▶ _TASK DIRECTIONS_: Please retype the records below exactly, from the first line through the line containing "Détail des écailles", and leave out any pictures.

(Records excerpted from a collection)
"""

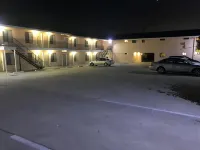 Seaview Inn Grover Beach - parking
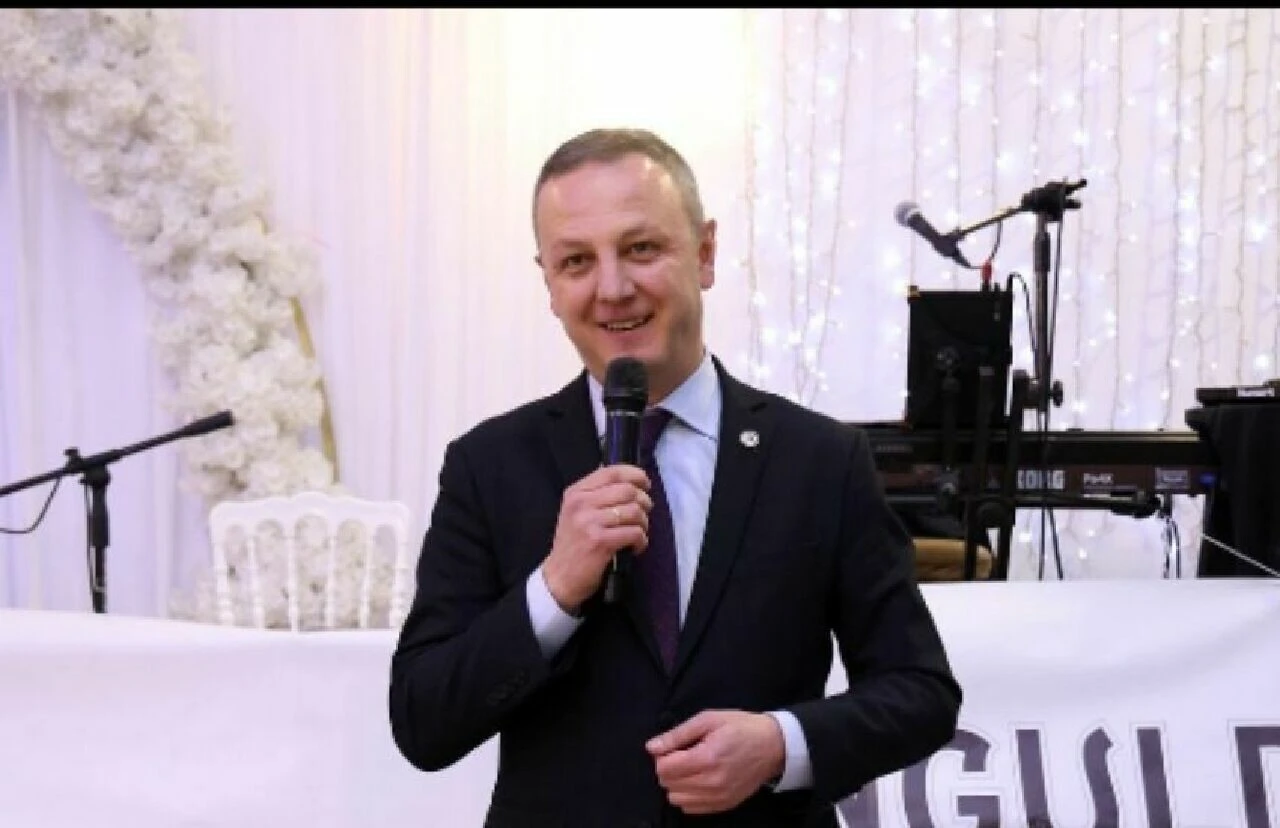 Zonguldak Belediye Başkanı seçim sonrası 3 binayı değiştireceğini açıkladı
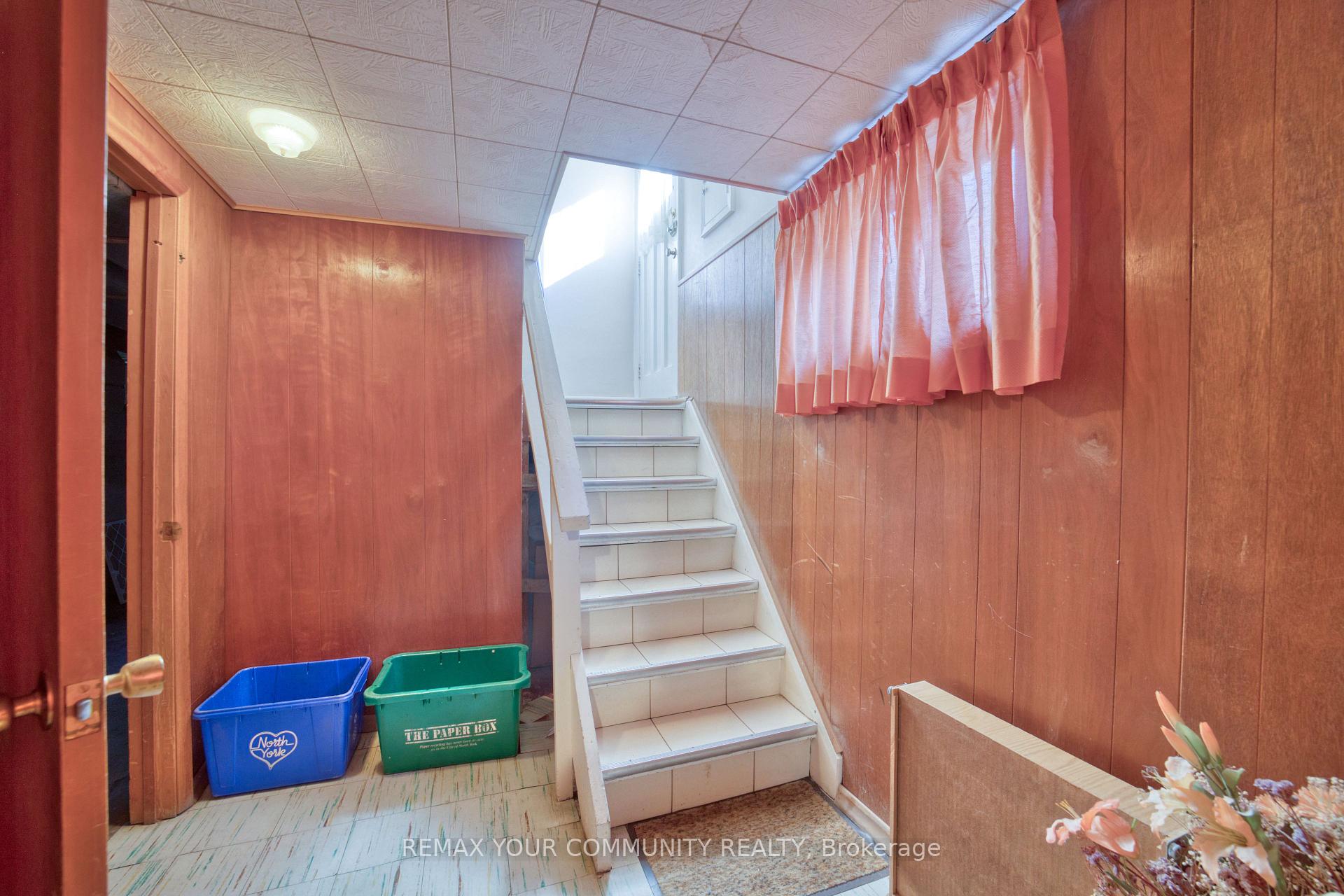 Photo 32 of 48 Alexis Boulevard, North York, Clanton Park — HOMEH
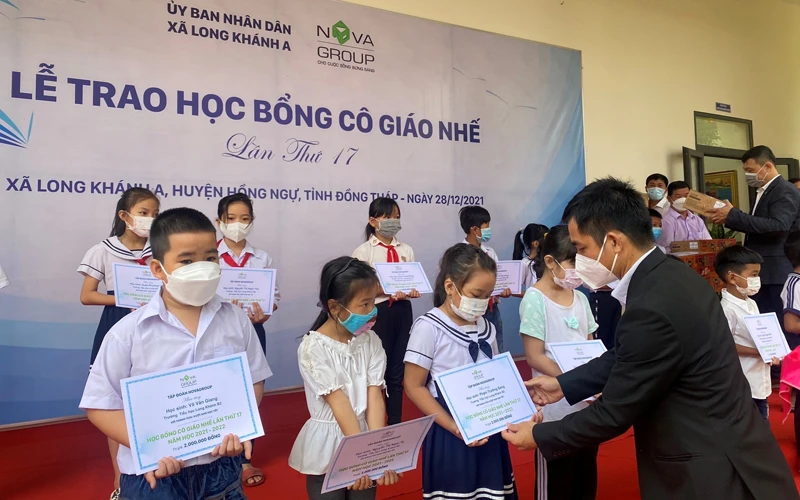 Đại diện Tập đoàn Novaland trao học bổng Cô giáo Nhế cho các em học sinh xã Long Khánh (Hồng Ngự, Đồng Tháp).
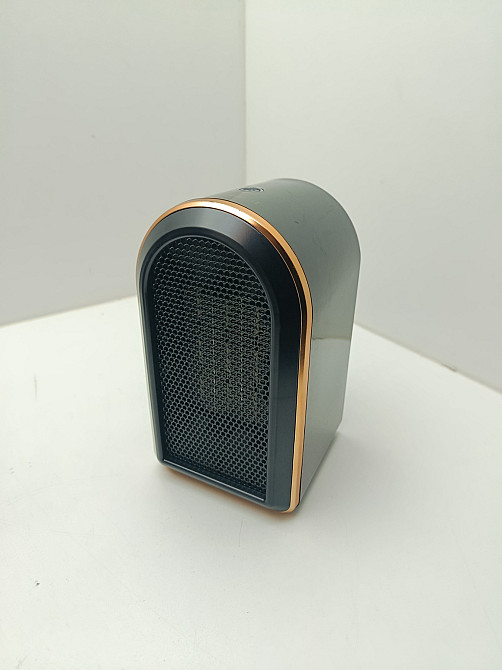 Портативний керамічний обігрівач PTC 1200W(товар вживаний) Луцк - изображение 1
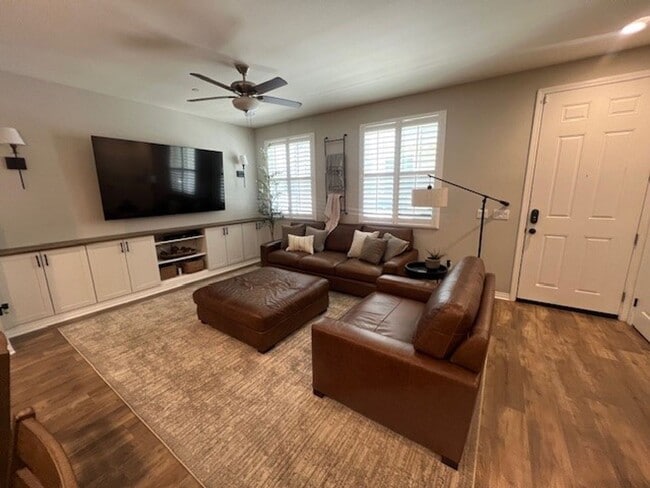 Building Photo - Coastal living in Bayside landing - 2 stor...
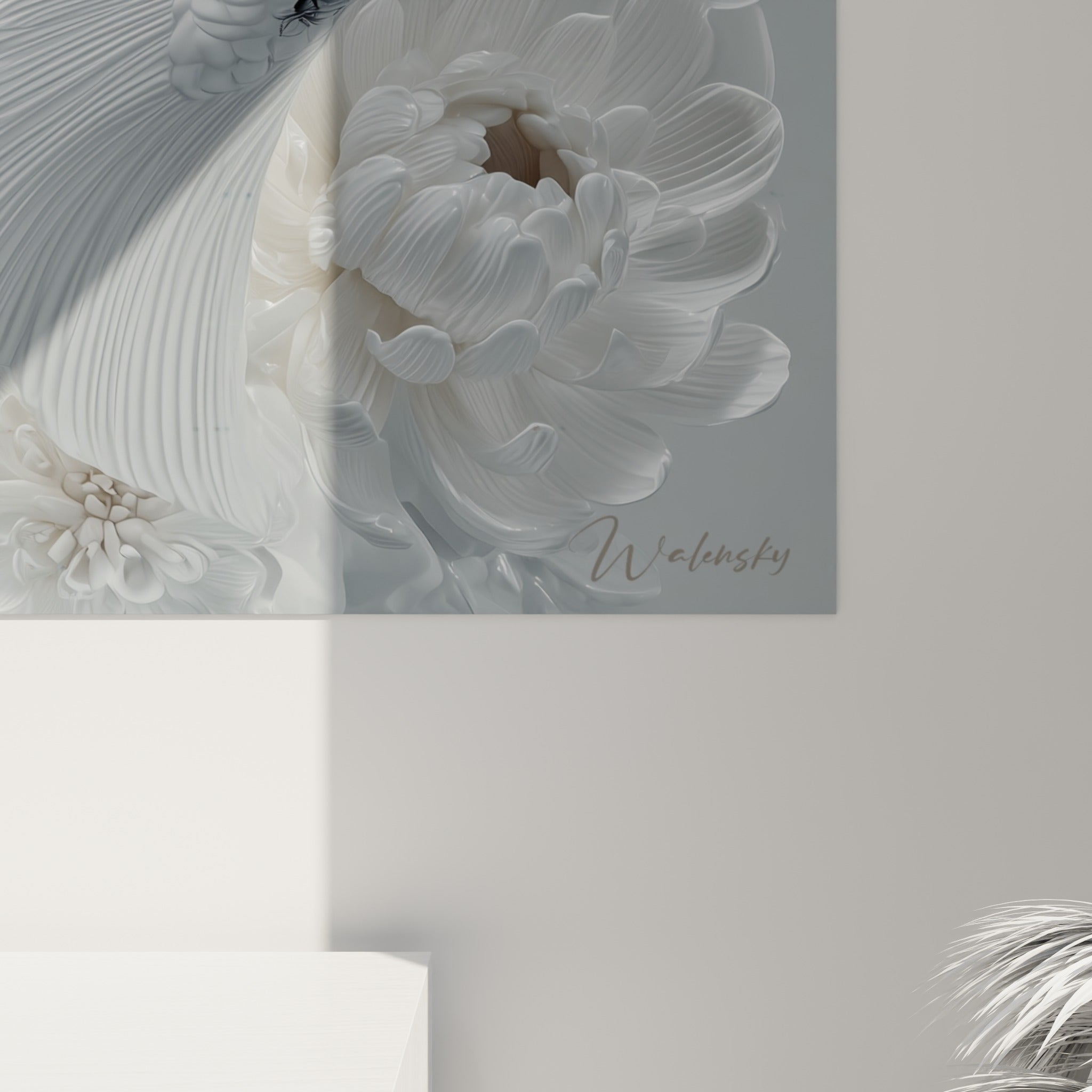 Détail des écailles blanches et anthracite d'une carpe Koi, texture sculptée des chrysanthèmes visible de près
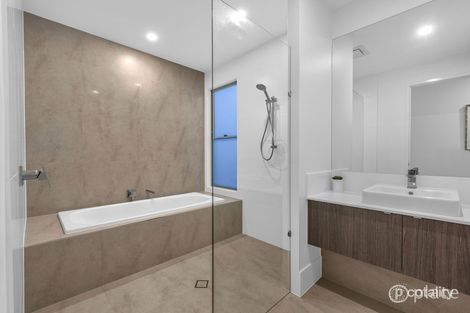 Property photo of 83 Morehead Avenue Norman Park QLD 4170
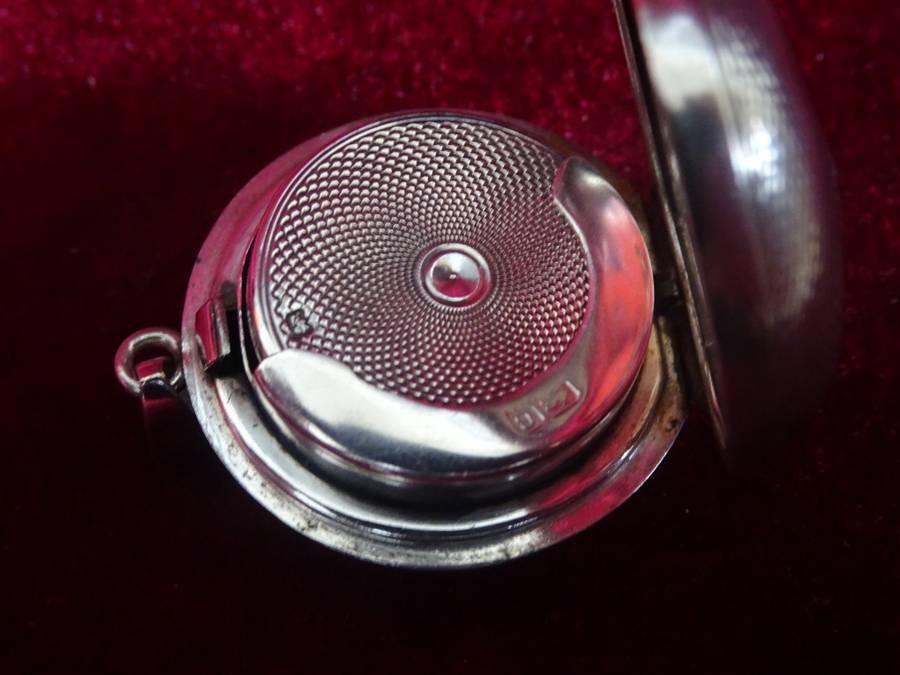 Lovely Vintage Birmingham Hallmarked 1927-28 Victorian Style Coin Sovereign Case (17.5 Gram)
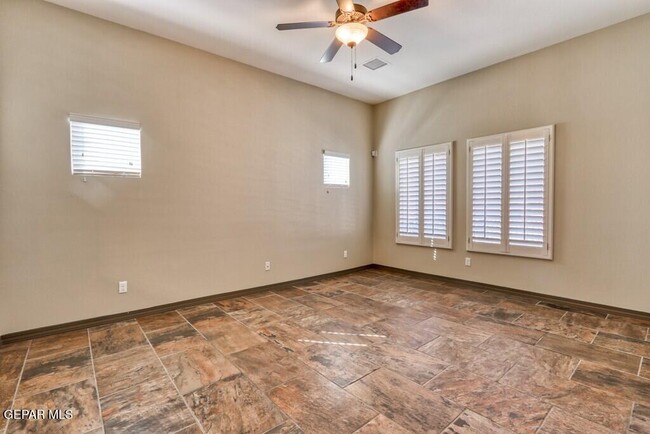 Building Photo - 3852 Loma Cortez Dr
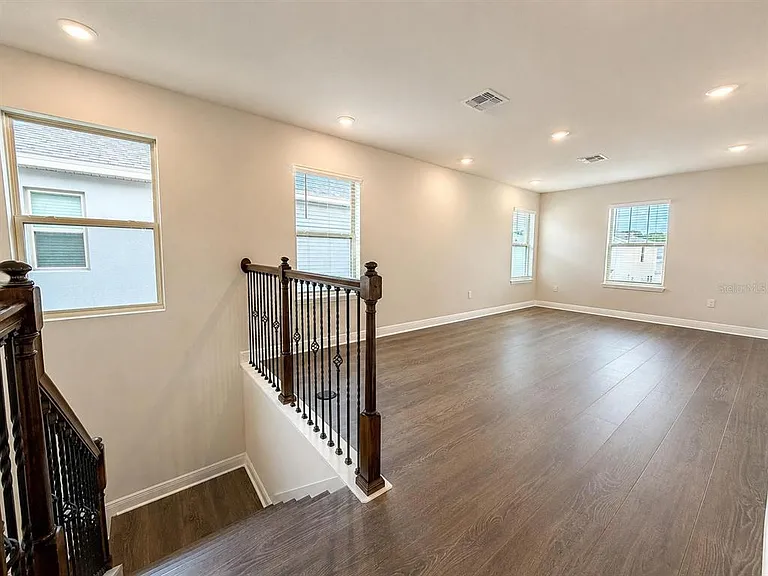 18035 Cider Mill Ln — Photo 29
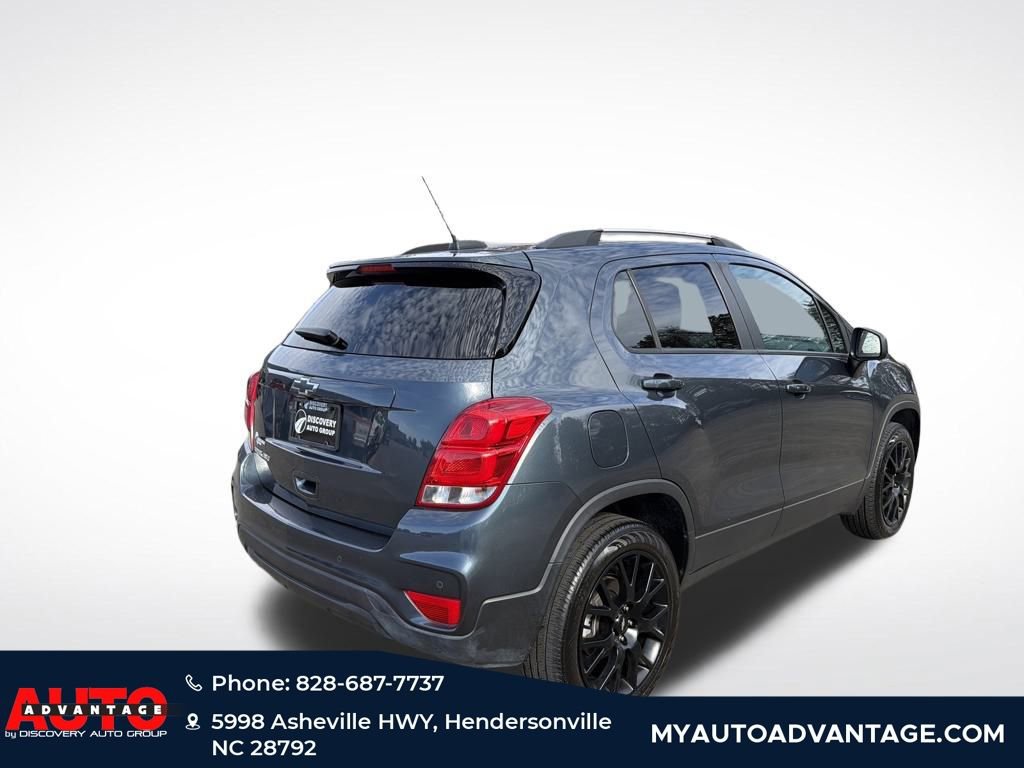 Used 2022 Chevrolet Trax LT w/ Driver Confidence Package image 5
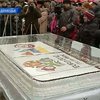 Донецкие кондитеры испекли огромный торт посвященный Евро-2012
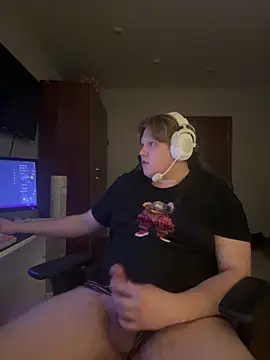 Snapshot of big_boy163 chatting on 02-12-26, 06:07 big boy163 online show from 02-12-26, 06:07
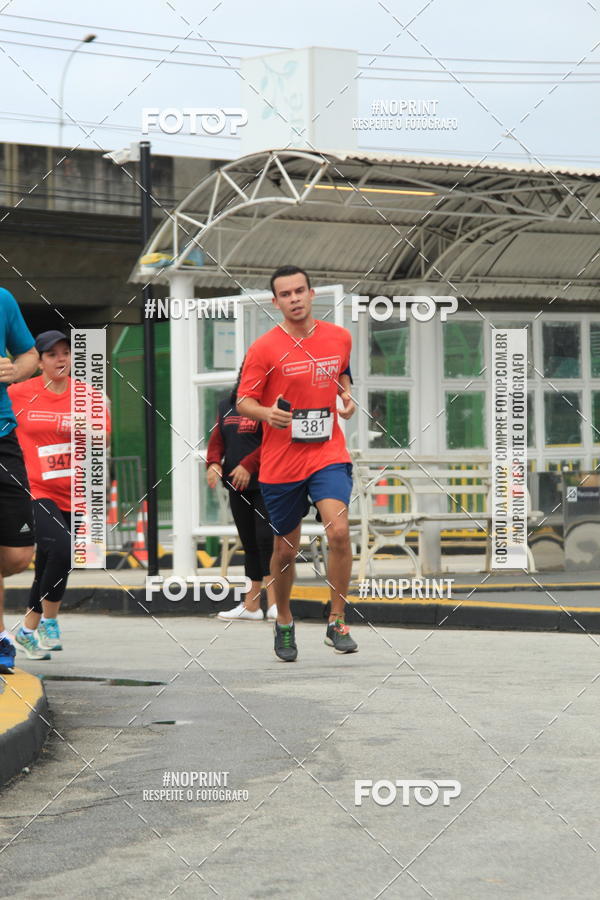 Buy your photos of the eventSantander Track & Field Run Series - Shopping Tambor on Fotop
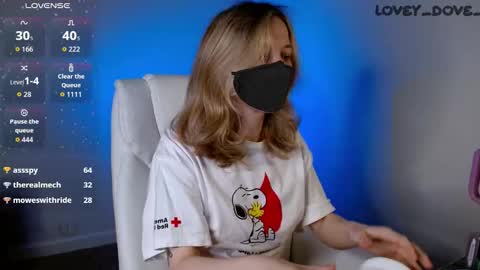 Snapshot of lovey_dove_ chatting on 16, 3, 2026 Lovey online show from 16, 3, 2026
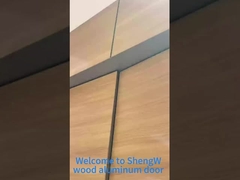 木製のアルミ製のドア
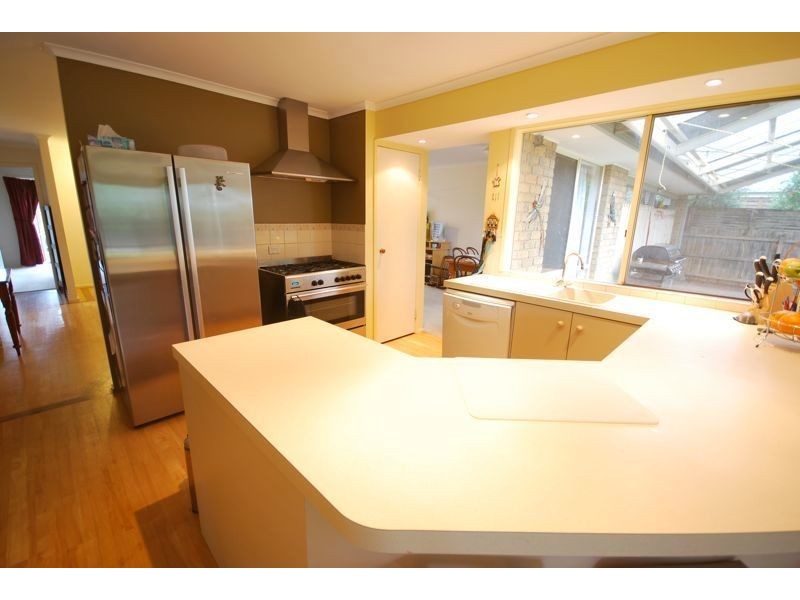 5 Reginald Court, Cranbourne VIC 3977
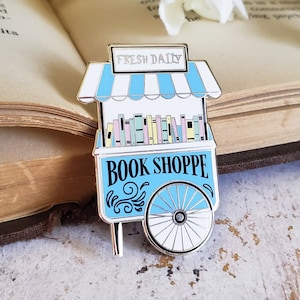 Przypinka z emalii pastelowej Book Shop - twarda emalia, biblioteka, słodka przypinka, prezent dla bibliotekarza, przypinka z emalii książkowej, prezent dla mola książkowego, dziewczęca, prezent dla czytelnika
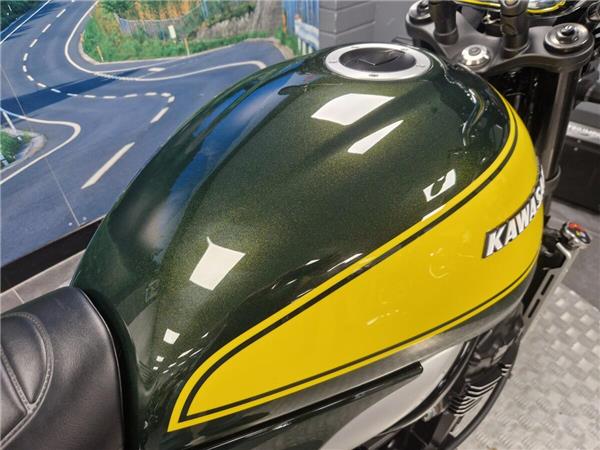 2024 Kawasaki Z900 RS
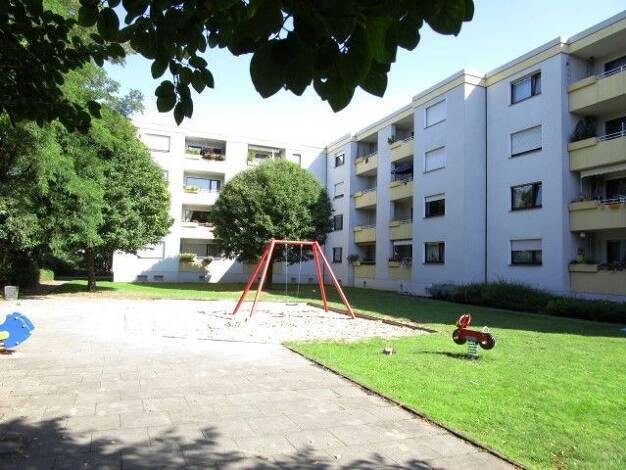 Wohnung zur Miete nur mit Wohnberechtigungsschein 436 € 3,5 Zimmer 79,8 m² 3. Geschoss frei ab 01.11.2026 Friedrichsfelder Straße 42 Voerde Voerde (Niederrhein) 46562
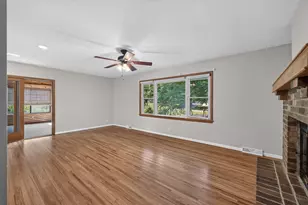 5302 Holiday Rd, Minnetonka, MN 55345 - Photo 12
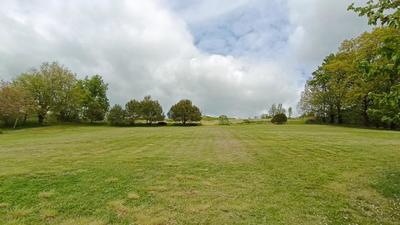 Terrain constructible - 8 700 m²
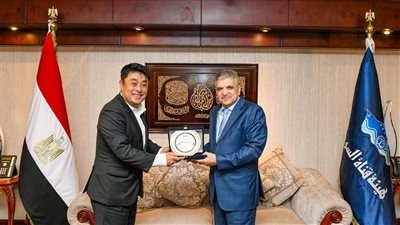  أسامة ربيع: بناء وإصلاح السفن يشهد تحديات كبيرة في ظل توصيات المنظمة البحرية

"""

▶ _SOLVED PROBLEM_:
 Seaview Inn Grover Beach - parking
 Zonguldak Belediye Başkanı seçim sonrası 3 binayı değiştireceğini açıkladı
 Photo 32 of 48 Alexis Boulevard, North York, Clanton Park — HOMEH
 Đại diện Tập đoàn Novaland trao học bổng Cô giáo Nhế cho các em học sinh xã Long Khánh (Hồng Ngự, Đồng Tháp).
 Портативний керамічний обігрівач PTC 1200W(товар вживаний) Луцк - изображение 1
 Building Photo - Coastal living in Bayside landing - 2 stor...
 Détail des écailles blanches et anthracite d'une carpe Koi, texture sculptée des chrysanthèmes visible de près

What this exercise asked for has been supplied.